In The War Come Home Cohen reviews the effects of the high numbers of WWI veterans on the nations of Britain and Germany and the two nations' responses. A focus is on the discontent that grew within Germany's veterans at their Reich's determination and inability to provide for their soldiers and at England's refusal to support veterans, citing it as a matter of charity of which the private sector was responsible. Cohen shows how both nations took completely different determinations on the issue of providing for wounded vets and how this related to propelling the introduction of WWII.
She (the author) uses excellent and extensive research of both primary and secondary sources and in a style more inclined toward that of a political scientist than a historian offers empirical data as evidence. However, she also uses examples to understand the men and their families in a way that makes you sympathize with them but not feel pity for them.
A criticism of this book would be that it is a bit longer than probably necessary. Cohen's examples could have been reduced in number and the book still could have acheived its purpose.
Product Description
Disabled veterans were the First World War's most conspicuous legacy. Nearly eight million men in Europe returned from the First World War permanently disabled by injury or disease. In The War Come Home, Deborah Cohen offers a comparative analysis of the very different ways in which two belligerent nations--Germany and Britain--cared for their disabled.At the heart of this book is an apparent paradox. Although postwar Germany provided its disabled veterans with generous benefits, they came to despise the state that favored them. Disabled men proved susceptible to the Nazi cause. By contrast, British ex-servicemen remained loyal subjects, though they received only meager material compensation. Cohen explores the meaning of this paradox by focusing on the interplay between state agencies and private philanthropies on one hand, and the evolving relationship between disabled men and the general public on the other.

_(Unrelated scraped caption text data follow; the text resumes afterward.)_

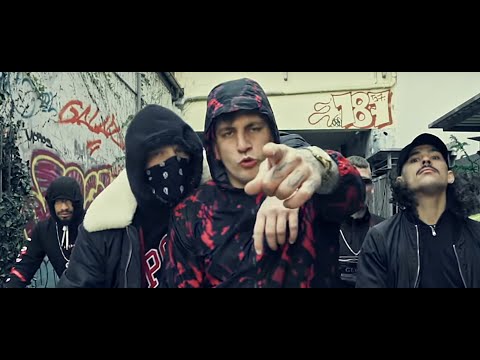 GZUZ & JAILL ►POLIZEI IM NACKEN◄ (prod.Kingside)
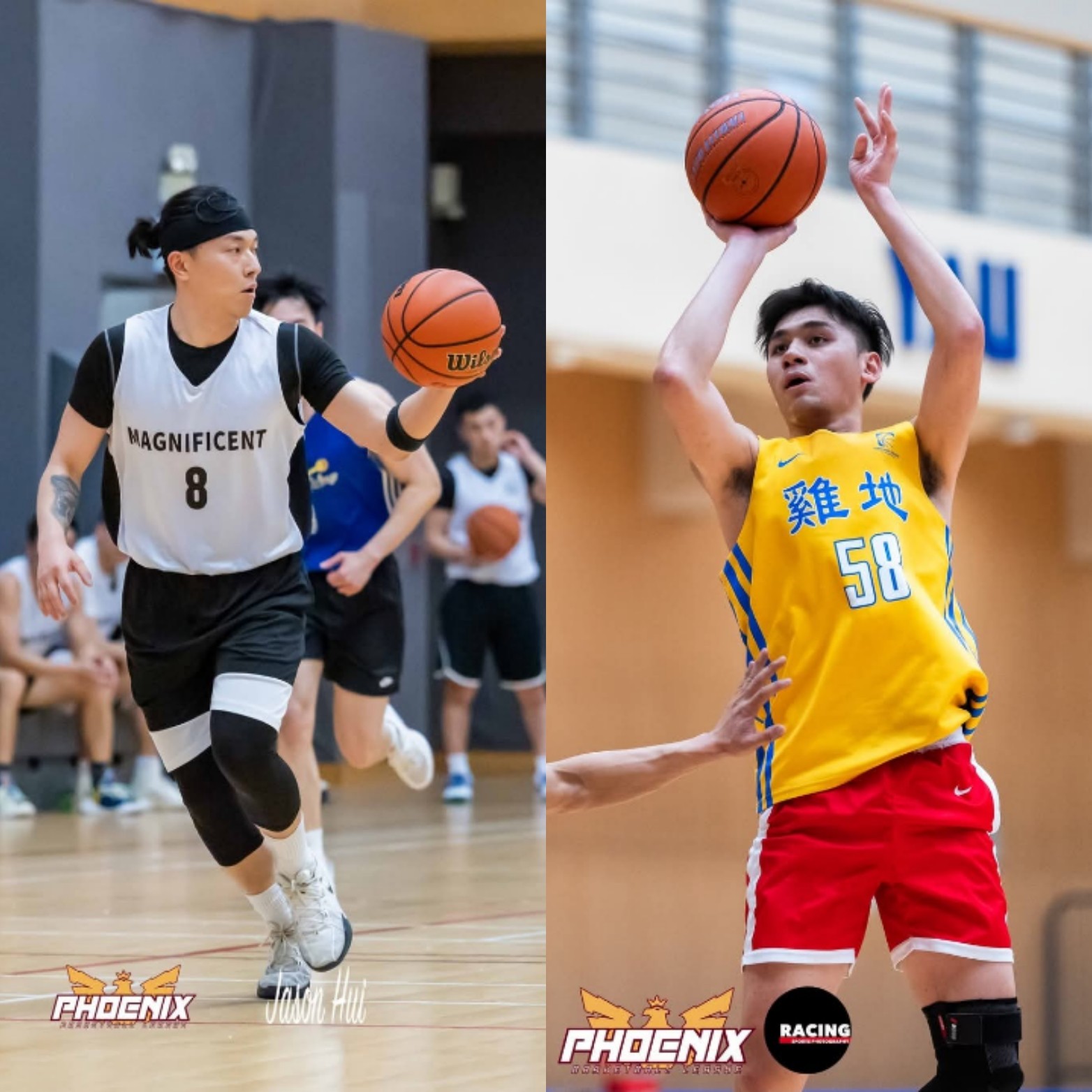 3月7日 屯天元假日鳳凰盃D1準決賽 Magnificent vs 雞地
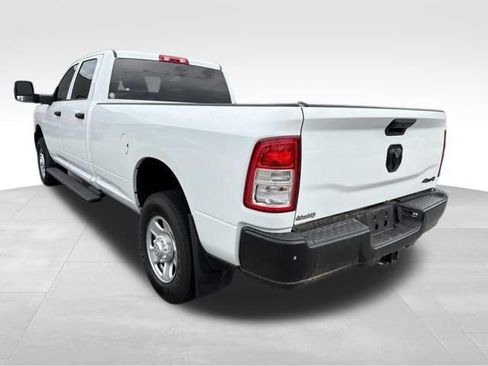 Used 2024 RAM 3500 Tradesman w/ Snow Chief Group AWD/4WD image 5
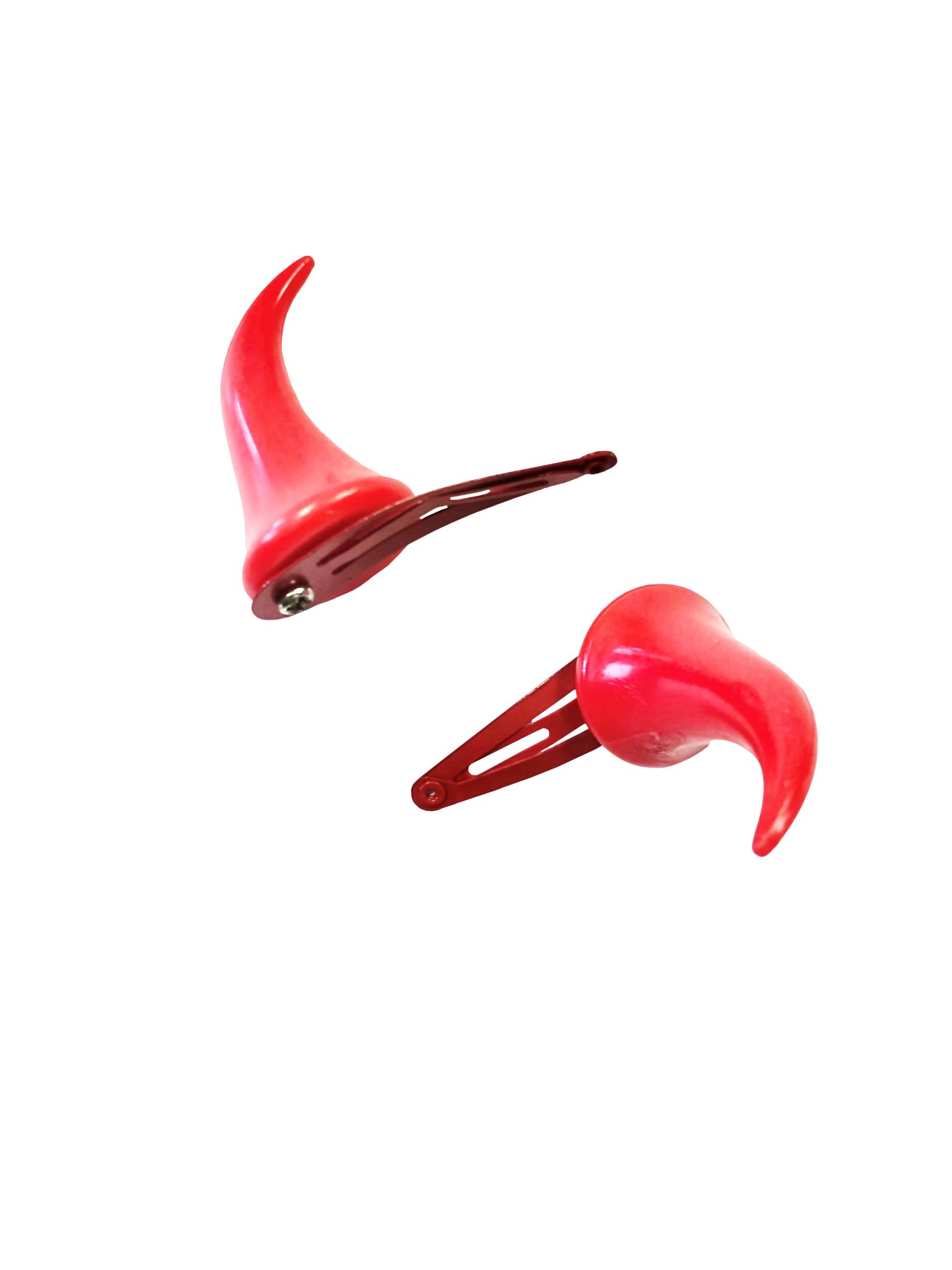 rubies-teufelsh-rner-haarspangen-2er-set-schwarz-rot image 1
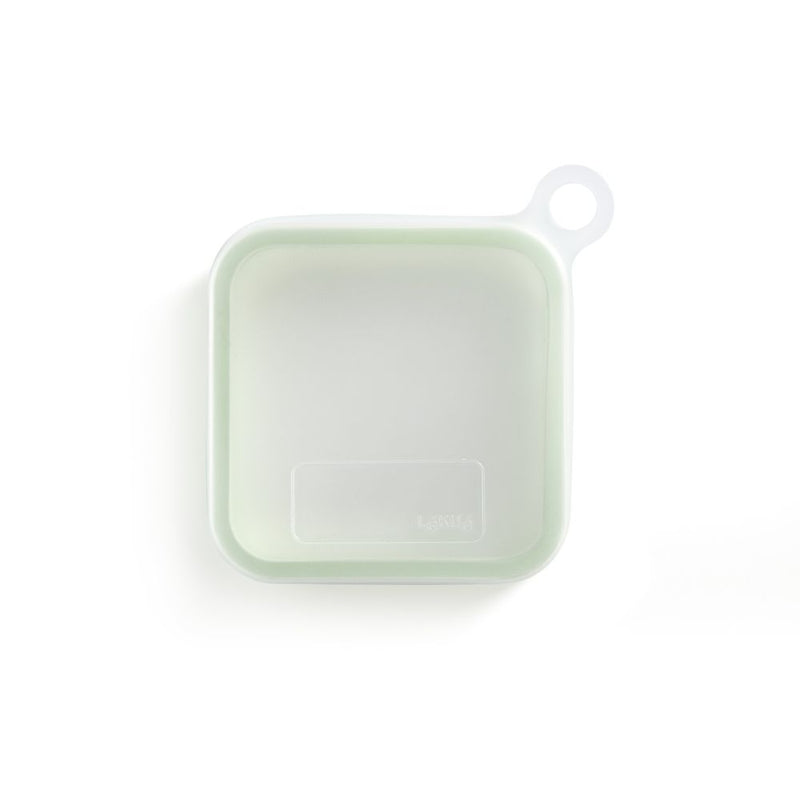 Lekue Reusable Sandwich Case 17.5x17.5cm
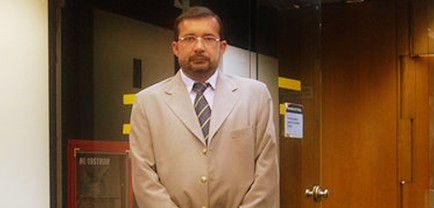 El abogado laboralista abord� diversos temas de inter�s para los docentes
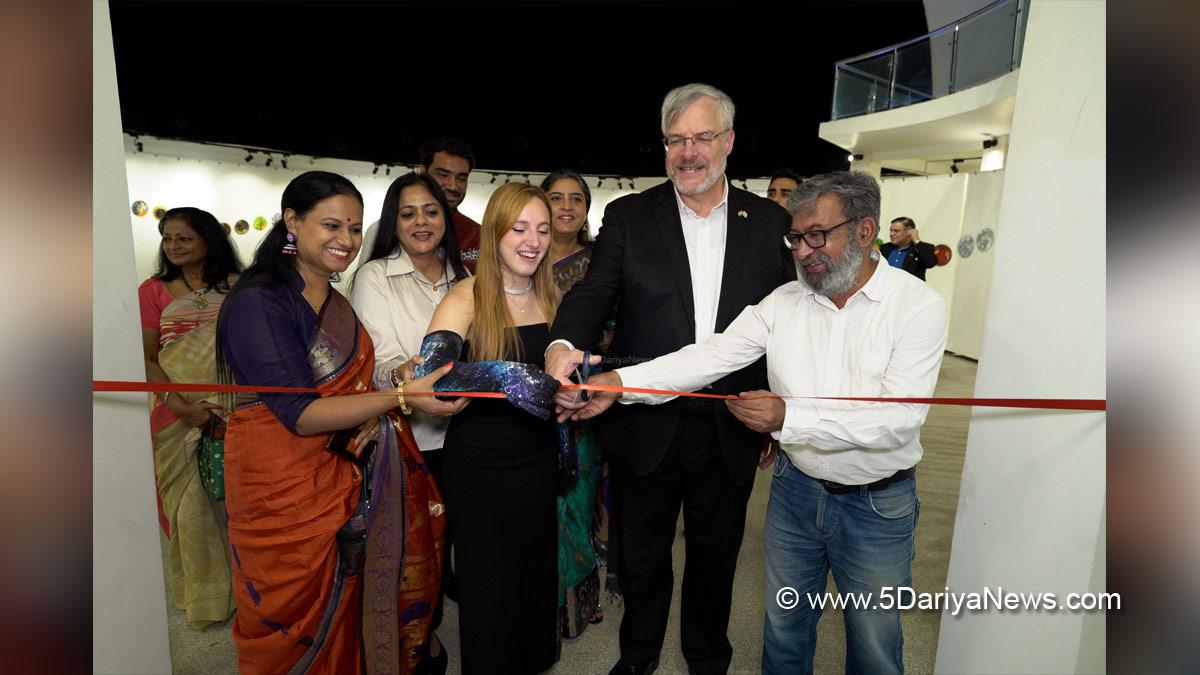 Commercial, JD Institute of Fashion Technology, Records MAYA and Speaking Art Foundation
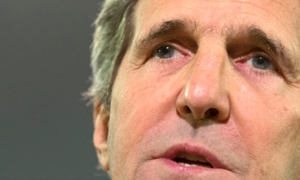 Unguarded comments suggest Kerry frustration at civilian toll in Gaza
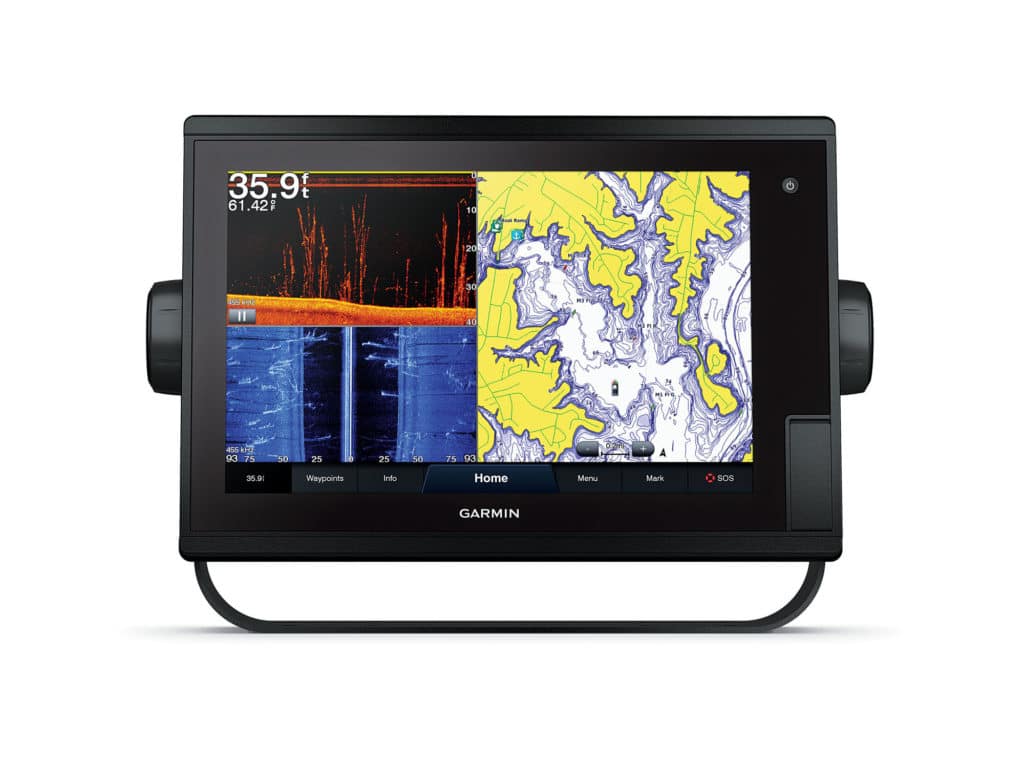 Garmin GPSMap 1242xsv Plus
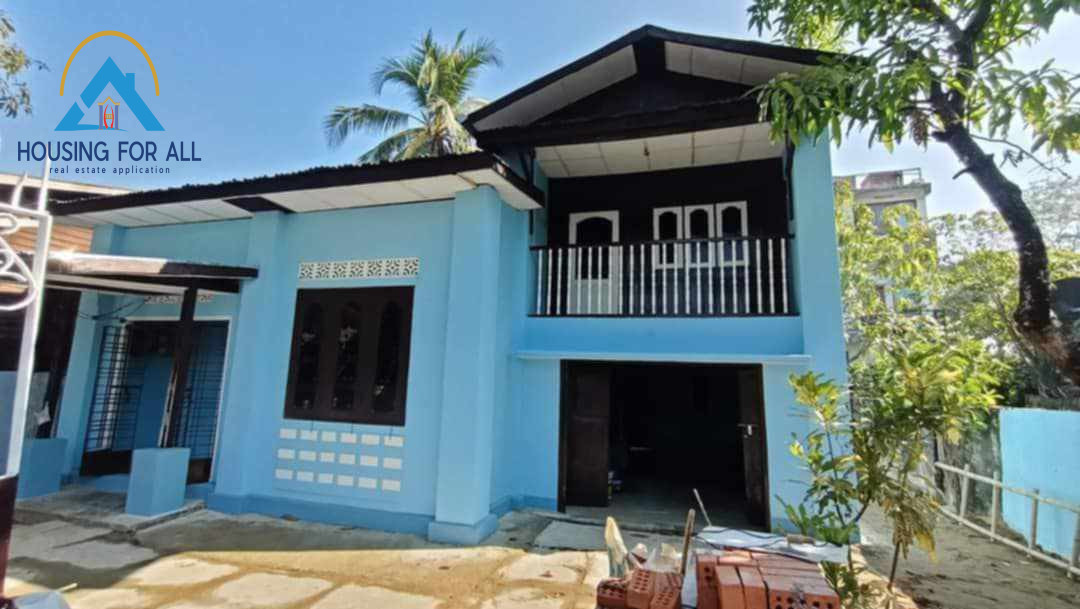 Home in Metric Way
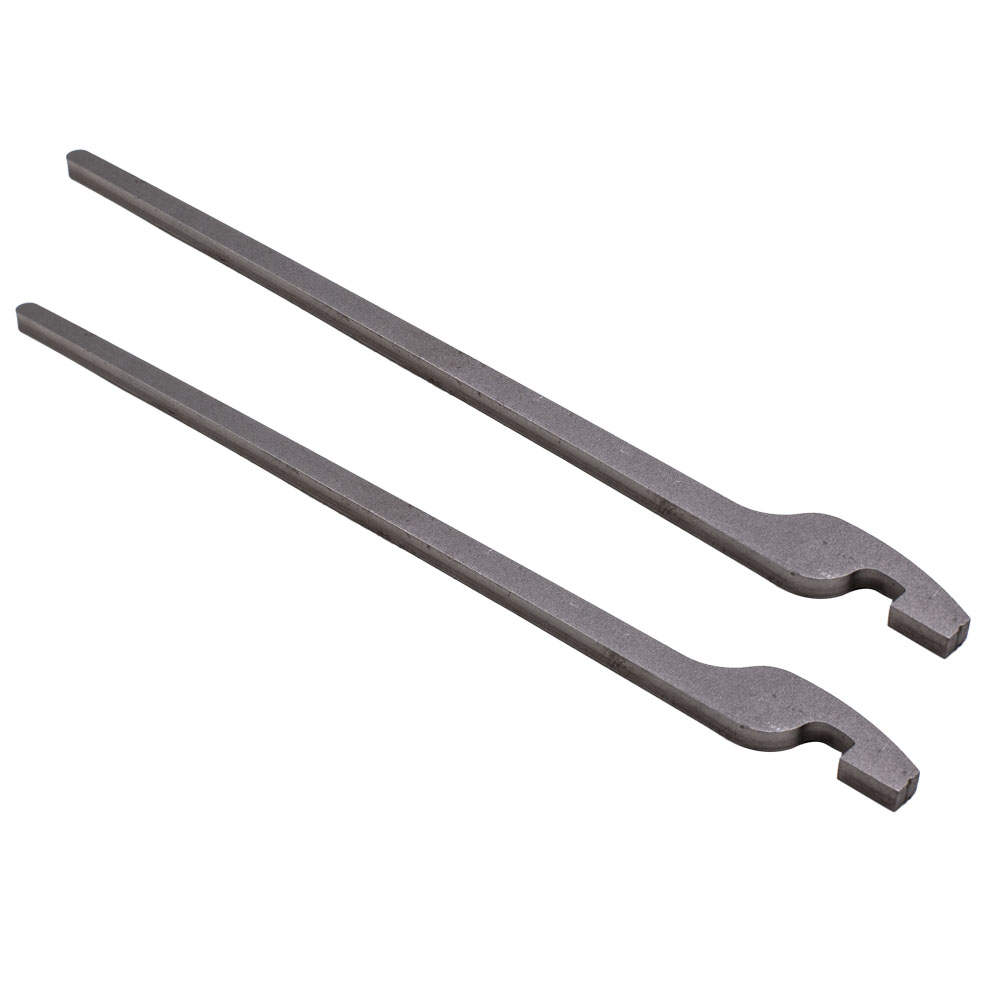 New Tongs Bundle Set Include 1 Set Rapid Bolt Tongs & Flat Jaw Tongs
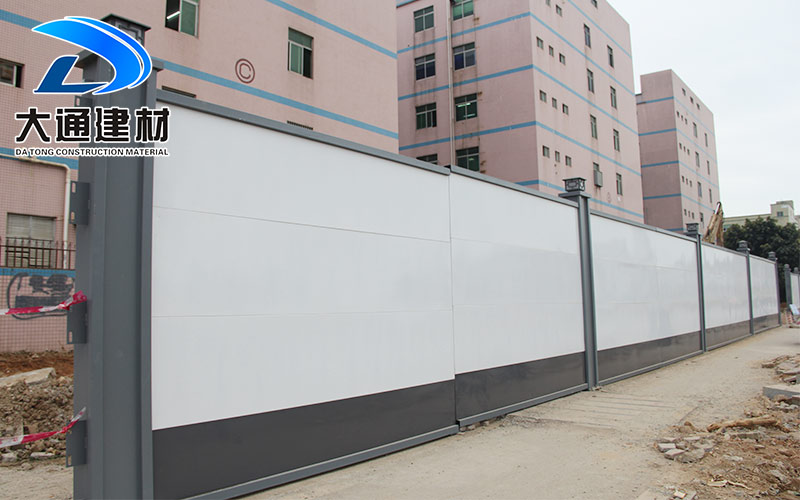 施工鋼結構圍擋材料規(guī)格-深圳圍擋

Written with verve and compassion, The War Come Home describes in affecting detail disabled veterans' lives and their treatment at the hands of government agencies and private charities in Britain and Germany. Cohen's study moves from the intimate confines of veterans' homes to the offices of high-level bureaucrats; she tells of veterans' protests, of disabled men's families, and of the well-heeled philanthropists who made a cause of the war's victims. This superbly researched book provides an important new perspective on the ways in which states and societies confront the consequences of industrialized warfare.